Нужно было остановиться и оставить птицу в покое. Но я никак не мог понять, что за существо явилось мне. Да и азарт какой-то проснулся. Что ж она не улетает насовсем? Подальше? Вон, вороны улетели и не видать их. Дразнится она, что ли?

И в один из моментов, не совсем понимая, что и зачем, следуя какому-то невнятному посылу – сейчас я ей всыплю! – вскинул свой самопал.

И – выстрелил.

Тут же что-то ударило: не надо было!»

- Про грехи. История с самострелом и птицей – реальная?

- Абсолютно! Причем здесь все, до последнего, реальное. Я до сих пор не знаю, как называется эта птица. Это на самом деле было в жизни, но Леню звали не Леня, а по-другому, и все описанные в этом рассказе события происходили на самом деле, но не в той последовательности. И это я убил птицу, и это было единственное в жизни мое убийство живого существа, и с тех пор я никогда в жизни ни в кого не стрелял. В жизни там было продолжение этой истории. Я очень долго делал этот самопал, и он получился как немецкий автомат – я приспособил две ручки к этому австрийскому стволу. И я на самом деле утопил его в выгребной яме, хотя стрелял в птицу на самом деле я из ружья, ног утопил самопал в связи с этой птицей.
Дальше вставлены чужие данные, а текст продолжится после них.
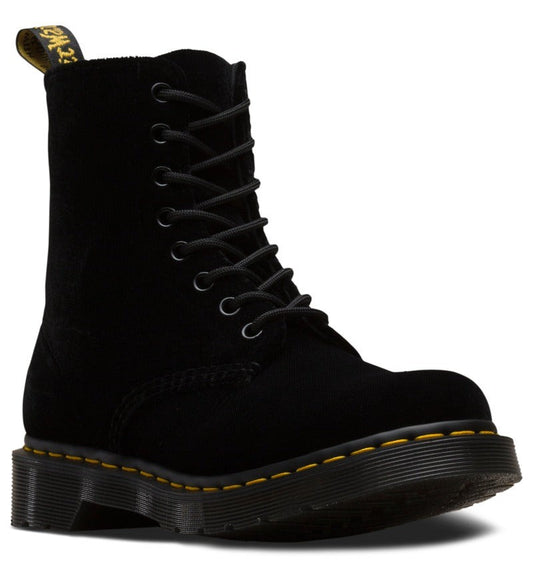 6 - Dr. Martens Black Velvet 8 Eye Velvet Pascal Ankle Combat 1460 Boots 0704KO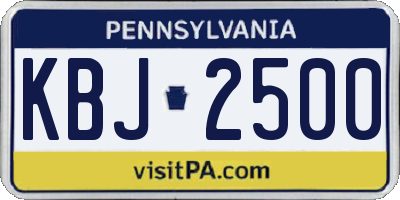 PA license plate KBJ2500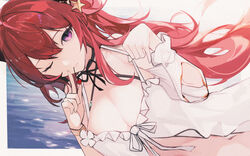  ;) arknights bare_shoulders black_ribbon breasts cherry cleavage closed_mouth dutch_angle fanshu female food fruit hair_ornament highres index_finger_raised large_breasts long_hair looking_at_viewer mouth_hold navel neck_ribbon one_eye_closed purple_eyes red_hair ribbon smile star_(symbol) star_hair_ornament strap_lift surtr_(arknights) surtr_(colorful_wonderland)_(arknights) upper_body very_long_hair water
Мой отец, фронтовик, купил одностволку, чтобы осенью ходить на зайцев и на лис, и она висела в хате. Я взял его и патрон и пошел. А самопал я утопил еще и в связи с другими событиями. Помимо того, что женщины ругались из-за него, как и описано в рассказе, мы ходили с ним и просто по мишеням стреляли, и однажды на шоссе я выстрелил из него в дорожный знак. А дорожные знаки тогда делались из стали, достаточно толстой, около 2,5 мм. Я зарядил свой самопал куском болта, и шагов с 15-ти прострелил этот знак. И после этого я призадумался, куда можно попасть – это же не дай Боже! И сразу после этого я его и утопил. Но у меня был тогда младший брат лет 13-14-ти, Валентин, очень ушлый пацан, хитрющий. И по прошествии какого-то времени, он рассказывал, что почти год спустя, когда я куда-то уезжал, он при помощи крюков вытащил его и снова стал из него стрелять. Но убийство птицы на самом деле было для шоком. Потом, когда мы стреляли в школе, и когда я уже учителем работал, у меня были две «мелкашки» - маленькая тозовка охотничья и спортивная винтовка. И я всегда, когда шел в лес, брал винтовку, но стрелял по шишкам и прочему, и никогда – по птицам и живым мишеням. А тогда… Я тогда уже хорошо стрелял. Я прицелился и выстрелил, она упала. Я подбежал – у меня шок.

- Я поняла, читая рассказ, что для Вас самого этот выстрел был полной неожиданностью…

- Да. Потому что я ходил и стрелял из этого ружья, но не по птицам – какие в Молдавии птицы? Кроме горлиц, в то время и голубей-то диких не было. Когда я пастушил, мне попадались лисы и зайцы. За ними-то я и пошел, в общем-то. А тут эта птица. Сама маленькая, а хвост и крылья – огромные, и вся разноцветная. И я на самом деле заплакал от того, что сделал. Зачем? Она летела себе и летела, а я… Но была еще одна убитая в моей жизни птица, правда, не мной и не из ружья – эта история описана в рассказе «Ворона».

«Но нам всё-таки повезло. Мы увидели на ветке старой яблони ворону. Она взмахивала крыльями и время от времени каркала, видимо, переговариваясь с подругой, которая сидела на другом дереве. Саша прицелился и выстрелил. К нашему удивлению, ворона камнем полетела на землю. Мы схватили добычу и побежали домой.

        Баба Маня, увидев нас с вороной, закричала:

        - Зачем вы убили птицу?

        - Хотим есть, – сказал я.

        - Ворон никто не ест.

        - А мы будем.

        Пришлось бабушке возиться с вороной: ошпаривать в кипятке, ощипывать, варить. На всё ушло часа три.

        После варки мясо старой птицы стало розовато-серым, а когда мы с братом попробовали, оказалось приторно-сладким и несъедобным. Но – голод не тётка – есть очень хотелось, и мы сначала съели всё, что казалось мясом, а потом сжевали и кости. Ничего не осталось. Всё съели.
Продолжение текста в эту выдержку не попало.